El concepto del silencio como moneda de cambio política
Para Feijóo, la actual gobernabilidad de España no se cimenta sobre acuerdos programáticos sólidos, sino sobre una suerte de pacto de no agresión tácito. Según el líder del Partido Popular, existen figuras en la periferia del poder —y algunas que estuvieron en su núcleo— cuya información podría ser letal para la continuidad del gabinete actual. Este «silencio» se convierte así en el activo más valioso y, a la vez, en la mayor amenaza para la Moncloa.

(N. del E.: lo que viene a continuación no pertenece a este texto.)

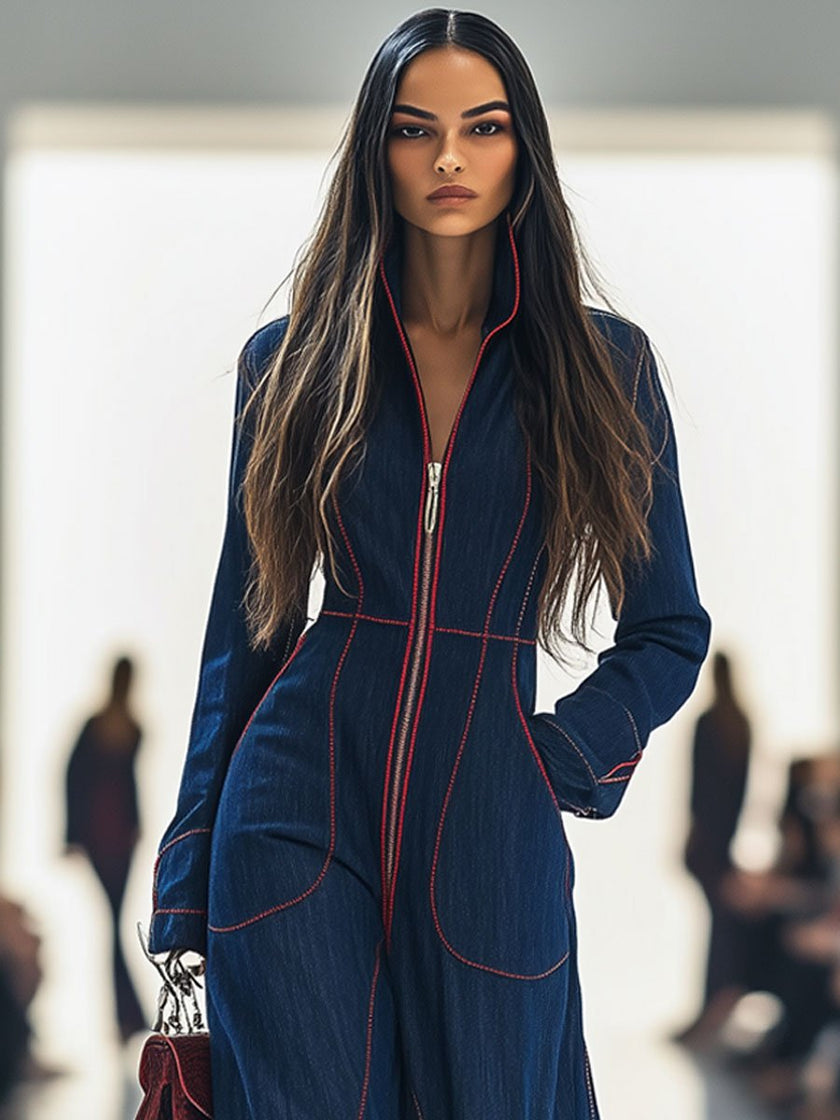 Dark blue FJØRNA women's denim jumpsuit with wide-leg pants and long sleeves, featuring topstitching details.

La estrategia de la oposición se centra ahora en señalar que un país no puede ser dirigido bajo la constante sombra de la sospecha. Feijóo sostiene que la parálisis legislativa que se percibe en las Cortes es una consecuencia directa de este estado de vigilancia mutua entre el Gobierno y sus socios o antiguos colaboradores.
Actores clave y procesos judiciales en el punto de mira
El análisis que propone el bloque de la derecha identifica varios focos de tensión que mantienen al Ejecutivo en vilo. La estabilidad parlamentaria se ve comprometida por diversos factores que Feijóo ha subrayado recientemente:
- La evolución de las investigaciones judiciales que afectan al entorno cercano del Partido Socialista y del propio Gobierno.
- El papel de antiguos aliados o cargos de confianza que podrían decidir colaborar con la justicia en busca de beneficios procesales.
- Las exigencias crecientes de los socios de investidura, que aprovechan la debilidad del Ejecutivo para elevar el precio de su apoyo.
- La dependencia de decisiones que se toman fuera de las fronteras nacionales, en referencia a los líderes independentistas.
Una legislatura marcada por la falta de autonomía
Desde la perspectiva de los populares, estamos ante un «Gobierno al ralentí». La tesis de Feijóo es que un presidente que depende del silencio de terceros no goza de la autonomía política necesaria para abordar las reformas estructurales que España demanda. En lugar de gestionar el interés general, el Ejecutivo estaría dedicando sus energías a la gestión de crisis reputacionales y judiciales constantes.
Esta situación genera un clima de desgaste institucional que, según el PP, solo puede resolverse mediante la devolución de la palabra a la ciudadanía. Para Feijóo, la situación es insostenible porque cada día que pasa se descubre un nuevo flanco que requiere una explicación que el Gobierno, a su juicio, se niega a dar de manera transparente.
El impacto de la desafección ciudadana y la respuesta del PP
Más allá de la aritmética parlamentaria, lo que Feijóo denuncia es un daño profundo a la confianza pública. Cuando la estabilidad gubernamental se asocia a la opacidad, la percepción ciudadana sobre la integridad de las instituciones se deteriora rápidamente. El líder del PP se posiciona como la alternativa de «orden y claridad» frente a lo que denomina un ecosistema de secretos e intereses cruzados.
En conclusión, el panorama político que describe Alberto Núñez Feijóo sitúa al Gobierno en una sala de espera perpetua. La premisa es clara: mientras los secretos se mantengan a salvo, la legislatura continuará; pero en el momento en que el muro de silencio se agriete, la viabilidad de Pedro Sánchez al frente del país llegará a su fin de forma abrupta. La política española, por tanto, se juega hoy más en los banquillos y despachos de investigación que en el propio diario de sesiones del Congreso.